Ingredients:
- 1.5 cups (150g) Graham cracker crumbs
- 1/3 cup (75g) Unsalted butter, melted
- 2 tbsp (25g) Coconut sugar
- 16 oz (450g) Low-fat cream cheese, softened
- 1 cup (240g) Plain Greek yogurt, strained
- 1/2 cup (120ml) Maple syrup
- 1/3 cup (80ml) Freshly squeezed lemon juice
- 1 tbsp (6g) Lemon zest
- 1 tsp (5ml) Pure vanilla extract
Instructions:
- In a medium bowl, stir together the graham cracker crumbs, melted butter, and sugar until the mixture resembles wet sand.

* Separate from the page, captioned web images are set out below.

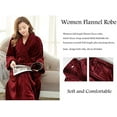 thumbnail image 3 of Oksun long robes for women Full Length Fleece Plush Bathrobe with Waist Belt Red L, 3 of 7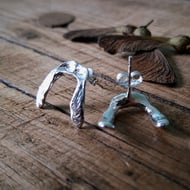 Real Sycamore Seeds - Silver Stud Earrings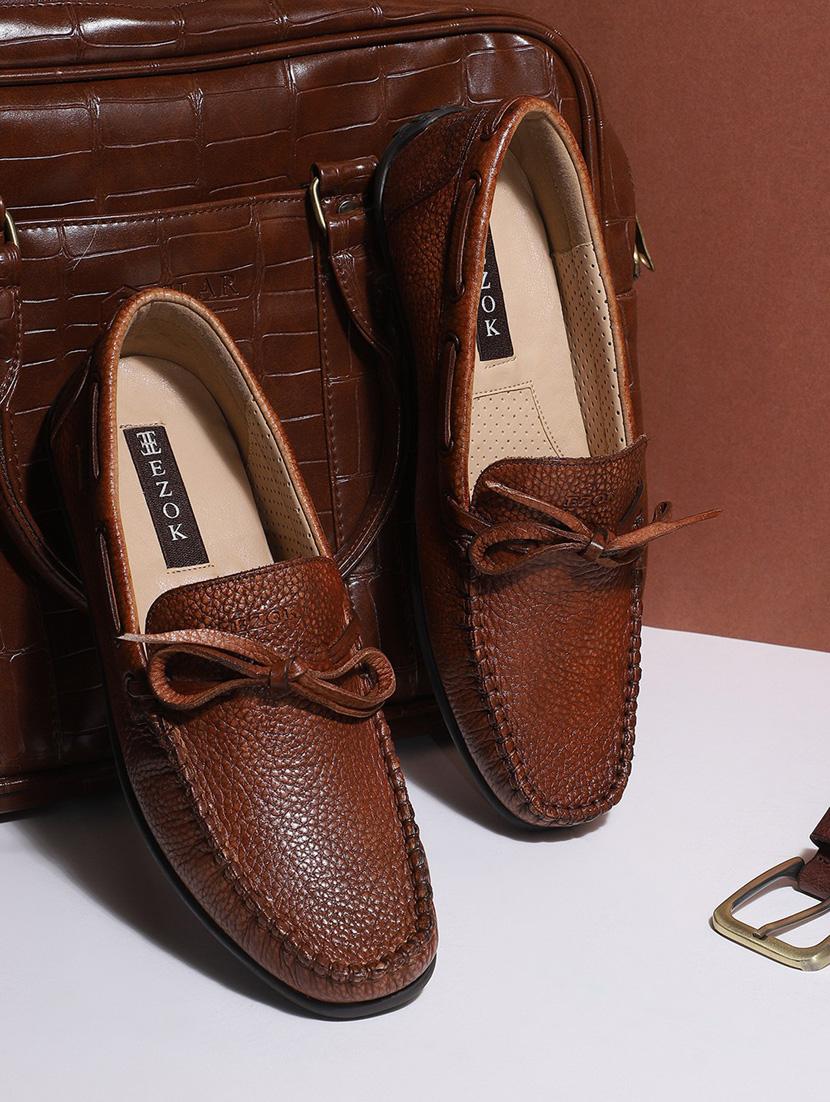 tan leather slip on loafers - 19945449 -  Standard Image - 1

- Firmly press the mixture into the bottom of a 9-inch springform pan using the back of a spoon or a flat-bottomed glass, ensuring edges are tightly packed.
- Place the pan in the freezer for 10 minutes to lock the crust in place.
- Beat the softened cream cheese on medium-high speed until smooth and devoid of lumps.
- Add the Greek yogurt, maple syrup, and vanilla extract to the cream cheese and whip until the mixture is fluffy and light.
- Slowly stir in the fresh lemon juice and lemon zest until combined.
- Pour the filling over the chilled crust, smooth the top with an offset spatula, and refrigerate for at least 6 hours before serving.